El relato volvió a la memoria porque en las próximas horas quedará integrado un consejo federal que reunirá al Gobierno y a las ligas y asociaciones de consumidores, según los acuerdos entre estas entidades y el presidente Eduardo Duhalde que se anunciaron en la noche del lunes. Esas entidades instaron a los consumidores a denunciar la remarcación de precios y otros abusos actuales que justifiquen un trámite administrativo ante las autoridades respectivas y eventuales denuncias judiciales. “No vamos a reemplazar el contralor obligatorio del Estado”, razonaron los voceros de las asociaciones civiles. Tienen razón, pero eso no significa quedarse con la otra única opción, que es la de confiar por completo en el monopolio del activismo estatal o en la rápida eficiencia (¿?) de los tribunales. La experiencia popular indica que, en esos casos, el trámite puede ser más rápido y directo si la denuncia es aceptada por algún medio de difusión masiva que, además, interpelará en público a los funcionarios y los empresarios involucrados en el expediente.

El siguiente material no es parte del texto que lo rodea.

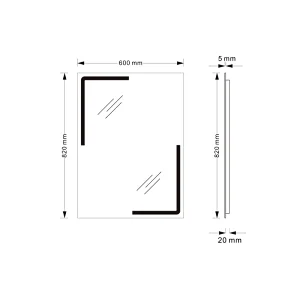 Mosmile Rectangle Illuminated LED Light  Anti-fog Bathroom Mirror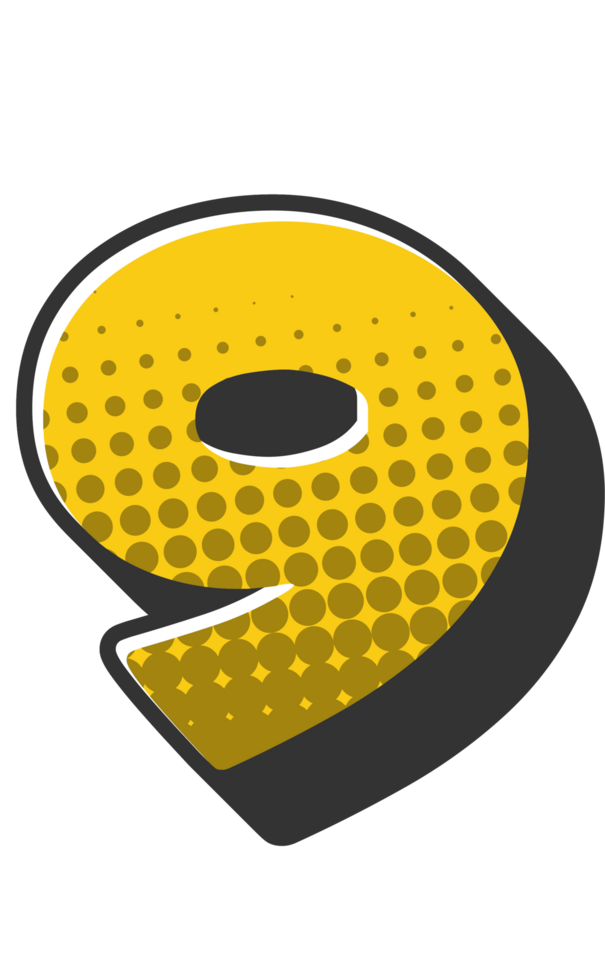 Comic Halftone Alphabet Letter and Number png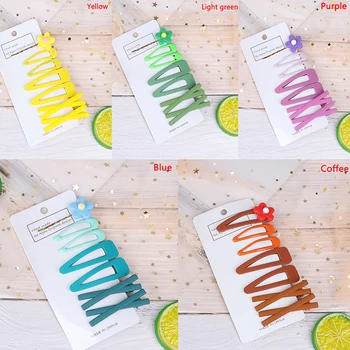 

7PCS Girls Water Drop BB Clip Candy Colors Cute Flower Geometric Hair Clips Sweet Hairpins Headband Barrettes Hair Accessories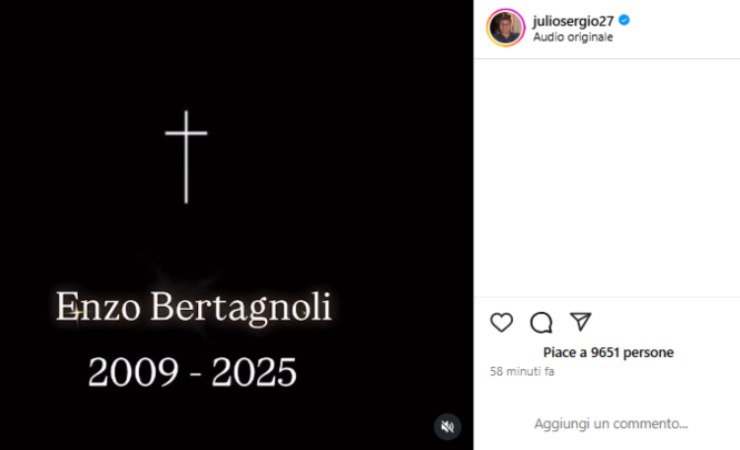 Julio Sergio, il tragico annuncio sui social network - Fonte Instagram - ilromanista.it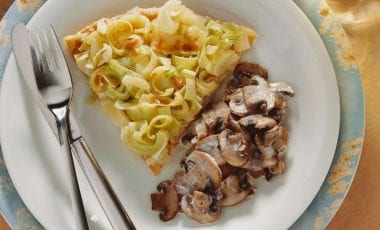 Lauchkuchen mit Pilzsauce Lauchkuchen mit Pilzsauce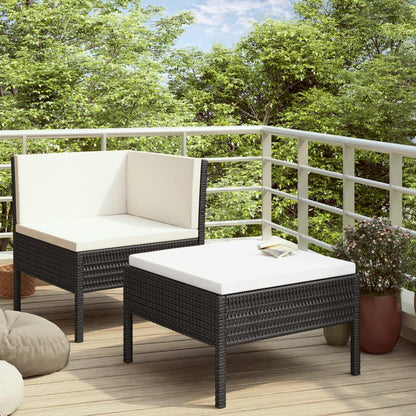2-tlg. Garten-Lounge-Set mit Auflagen Poly Rattan Schwarz - Pazzar.ch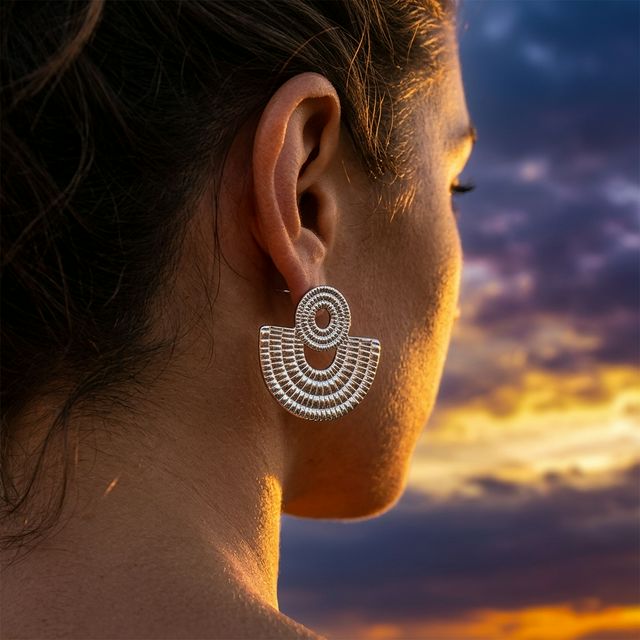Boucles d'Oreilles Ethniques Argentées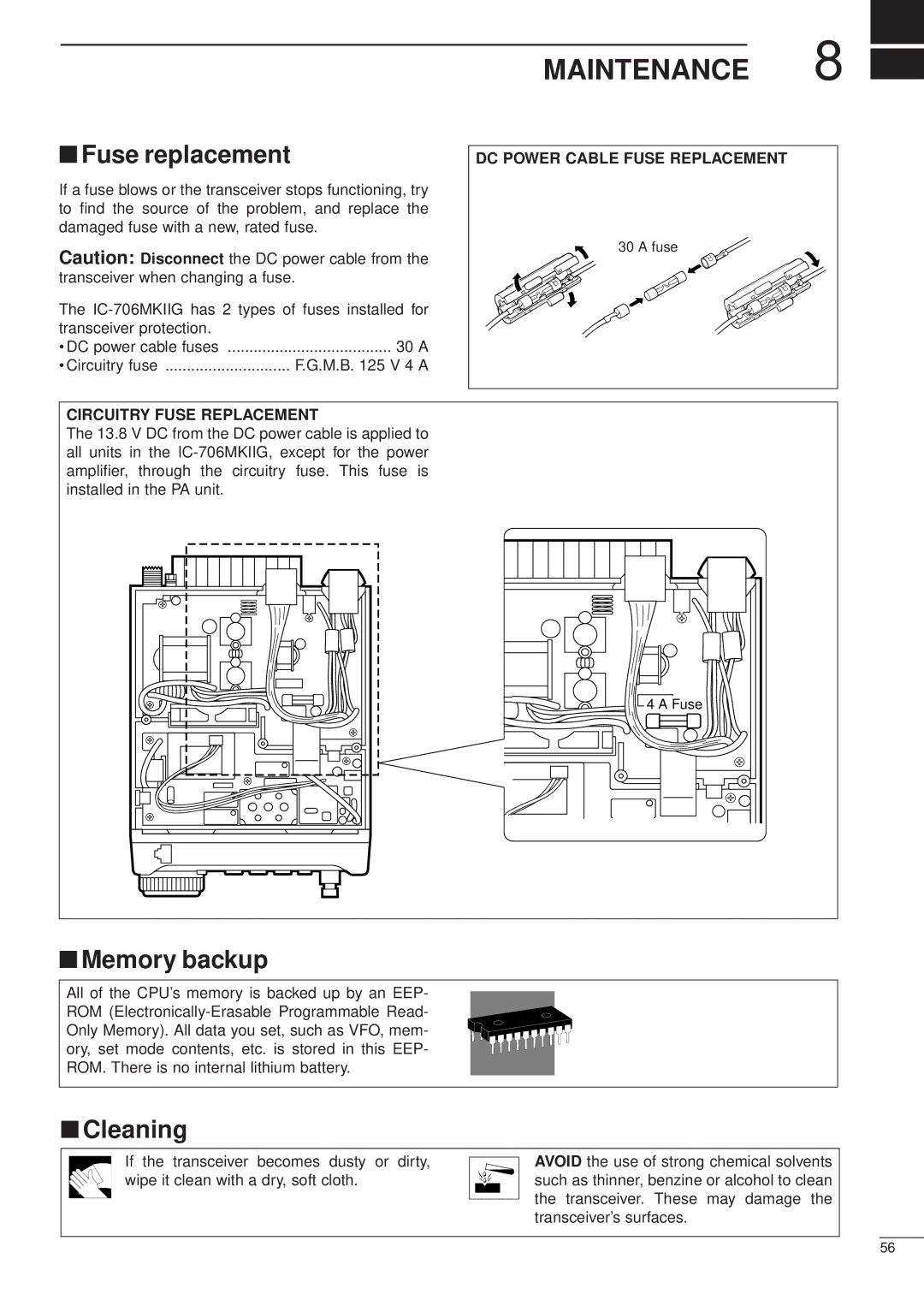 Icom HF/VHF/UHF ALL MODE TRANSCEIVER, iC-706MKTMG manual Maintenance, Fuse replacement, Memory backup, Cleaning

Sería una lástima que iniciativas tan legítimas como estas organizaciones no gubernamentales corran el riesgo de terminar como gestorías burocráticas de interminables diligencias, agotados transeúntes en el laberinto de la administración pública. Dentro de la ley, sin renunciar a ninguna gestión formal, hay otras opciones disponibles para que los consumidores se protejan en defensa propia, según puede deducirse de la experiencia sudafricana. Al final, y al principio, todo consiste en elegir dónde gastar la mayor energía: si en persuadir a burócratas gubernamentales para que actúen o hacer lo mismo con los amigos, los vecinos y los conciudadanos. Los recientes sucesos en el país mostraron que la potencia de la movilización popular, ahora como en 1810, puede remover obstáculos igual que las topadoras. Además, cuando se comparte la trinchera lo mejor es que participen todos los que puedan y confiar uno en el otro. En ocasiones, el boicot también debería llamarse solidaridad.